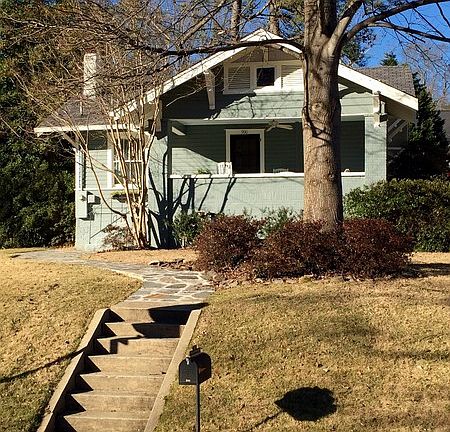 Perfect location in Edgewood
						:
						Large front porch, stone walkway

# Exercise goal
Every line above should be returned word for word, with the pictures left behind.

# Exercise response
 Perfect location in Edgewood
						:
						Large front porch, stone walkway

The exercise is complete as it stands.